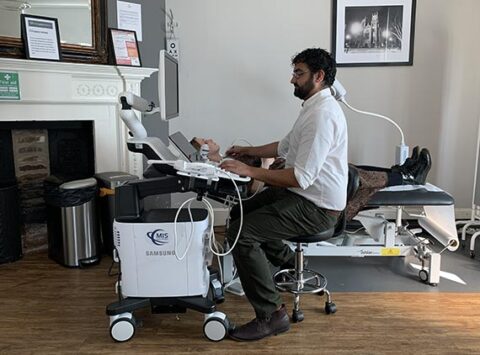 Sonographer Performing An Ultrasound Scan at Stonegate Medical Clinic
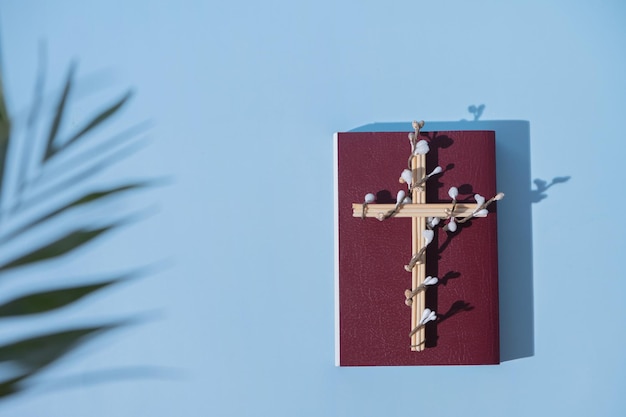 Krzyż ozdobiony kwiatami z Świętą Biblią na niebieskim tle Wielkanocna koncepcja minimalistyczna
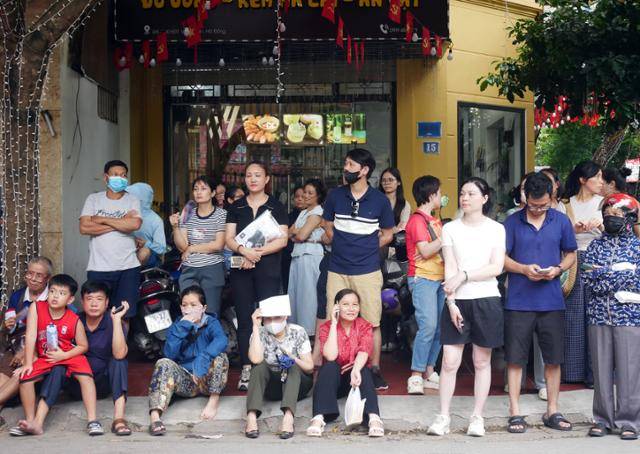베트남 전국 고등학교 졸업 시험 첫날인 지난달 26일 하노이의 한 고사장 앞에서 수험생 학부모들이 자녀가 시험을 마치고 나오기를 기다리고 있다. 하노이=허경주 특파원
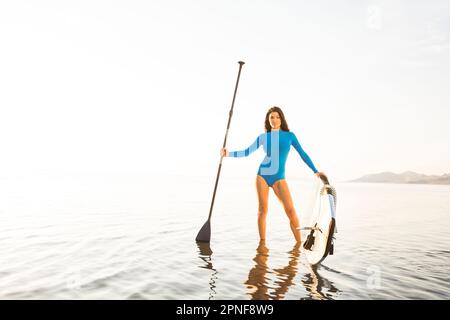 Donna che indossa costume da bagno blu, con un remo e una tavola da paddleboard in lago Foto Stock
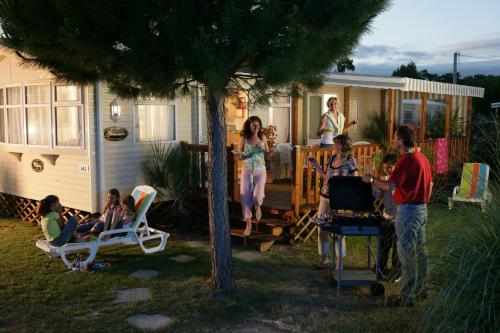 a group of people sitting on the porch of a caravan at Camping Officiel Siblu Le Bois Dormant in Saint-Jean-de-Monts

========================================================================

# Instructions for the task
Without including any image, reproduce the full listing above as written.

# Output of the exercise
 Sonographer Performing An Ultrasound Scan at Stonegate Medical Clinic
 Krzyż ozdobiony kwiatami z Świętą Biblią na niebieskim tle Wielkanocna koncepcja minimalistyczna
베트남 전국 고등학교 졸업 시험 첫날인 지난달 26일 하노이의 한 고사장 앞에서 수험생 학부모들이 자녀가 시험을 마치고 나오기를 기다리고 있다. 하노이=허경주 특파원
 Donna che indossa costume da bagno blu, con un remo e una tavola da paddleboard in lago Foto Stock
 a group of people sitting on the porch of a caravan at Camping Officiel Siblu Le Bois Dormant in Saint-Jean-de-Monts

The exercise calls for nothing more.